Arithmetic intensity is the ratio of arithmetic operations to memory operations in a kernel, and determines performance characteristics. See Arithmetic intensity for intensity analysis.

Bank conflict#

A bank conflict occurs when multiple threads simultaneously access different addresses in the same LDS bank, serializing accesses. See Bank conflict theory for details.

Branch efficiency#

Branch efficiency measures how often all threads within a wavefront take the same execution path, quantifying control-flow uniformity. See Branch efficiency for branch analysis.

Compute-bound#

Compute-bound kernels are limited by the arithmetic bandwidth of the GPU’s compute units rather than memory bandwidth. See Compute-bound performance for compute-bound analysis.

CU utilization#

CU utilization measures the percentage of time that compute units are actively executing instructions. See CU utilization for utilization analysis.

Issue efficiency#

Issue efficiency measures how effectively the wavefront scheduler keeps execution pipelines busy by issuing instructions. See Issue efficiency for efficiency metrics.

Latency hiding#

Latency hiding masks long-latency operations by running many concurrent threads, keeping execution pipelines busy. See Latency hiding mechanisms for details.

Little’s Law#

Little’s Law relates concurrency, latency, and throughput, determining how much independent work must be in flight to hide latency. See Little’s Law for latency hiding details.

Memory bandwidth#

Memory bandwidth is the maximum rate at which data can be transferred between memory hierarchy levels, typically measured in bytes per second. See Memory-bound performance for details.

Memory coalescing#

Memory coalescing improves memory bandwidth by servicing many logical loads or stores with fewer physical memory transactions. See Memory coalescing theory for coalescing patterns.

Memory-bound#

Memory-bound kernels are limited by memory bandwidth rather than arithmetic bandwidth, typically due to low arithmetic intensity. See Memory-bound performance for memory-bound analysis.

Occupancy#

Occupancy is the ratio of active wavefronts to the maximum number of wavefronts that can be active on a compute unit. See Occupancy theory for occupancy analysis.

Overhead#

Overhead latency is the time spent with no useful work being done, often due to CPU-side bottlenecks or kernel launch delays.
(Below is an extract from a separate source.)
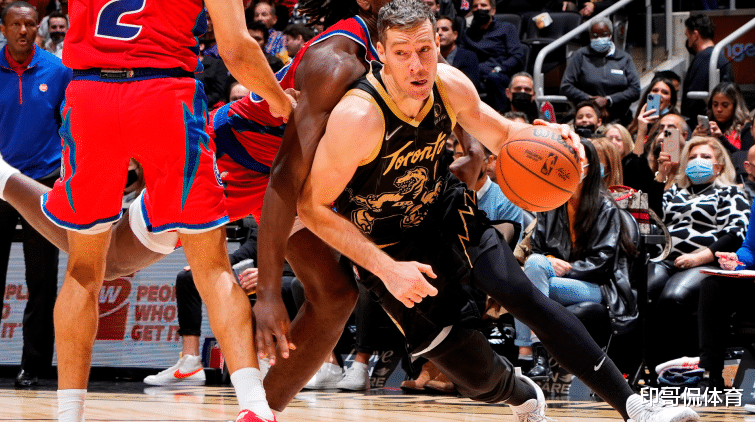 某位球员刚 某位球员刚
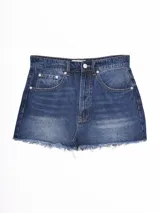 Minifalda de denim azul oscuro con efecto desgastado, diseño de tiro alto y ruedo desmechado con flecos.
See Performance bottlenecks for details.

Peak rate#

Peak rate is the theoretical maximum throughput at which a hardware system can complete work under ideal conditions. See Theoretical performance limits for details.

Pipe utilization#

Pipe utilization measures how effectively a kernel uses the execution pipelines within each compute unit. See Pipe utilization for utilization details.

Register pressure#

Register pressure occurs when excessive register demand limits the number of active wavefronts per compute unit, reducing occupancy. See Register pressure theory for details.

Roofline model#

The roofline model is a visual performance model that determines whether a program is compute-bound or memory-bound. See Roofline model for roofline analysis.

Wavefront divergence#

Wavefront divergence occurs when threads within a wavefront take different execution paths due to conditional statements. See Branch efficiency for divergence handling details.

Wavefront execution state#

Wavefront execution states (active, stalled, eligible, selected) describe the scheduling status of wavefronts on AMD GPUs. See Wavefront execution states for state definitions.